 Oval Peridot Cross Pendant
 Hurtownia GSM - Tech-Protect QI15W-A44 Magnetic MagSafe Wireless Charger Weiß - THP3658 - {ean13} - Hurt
...
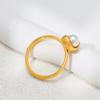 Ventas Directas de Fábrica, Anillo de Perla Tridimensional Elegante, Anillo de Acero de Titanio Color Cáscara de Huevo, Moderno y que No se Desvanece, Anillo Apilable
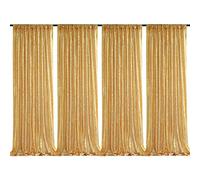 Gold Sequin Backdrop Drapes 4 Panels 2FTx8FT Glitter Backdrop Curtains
---
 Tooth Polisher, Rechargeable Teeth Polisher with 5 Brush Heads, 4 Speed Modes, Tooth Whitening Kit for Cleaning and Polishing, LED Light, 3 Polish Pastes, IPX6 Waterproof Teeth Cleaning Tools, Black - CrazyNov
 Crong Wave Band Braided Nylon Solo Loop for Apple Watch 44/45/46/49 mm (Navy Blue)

**Goal of the exercise**
When the line with "Oval Peridot Cross Pendant" is reached in the data above, begin copying, and stop after the line with "Hurtownia GSM - Tech-Protect"; copy each line exactly, both ends included.

**Solution to the exercise**
 Oval Peridot Cross Pendant
 Hurtownia GSM - Tech-Protect QI15W-A44 Magnetic MagSafe Wireless Charger Weiß - THP3658 - {ean13} - Hurt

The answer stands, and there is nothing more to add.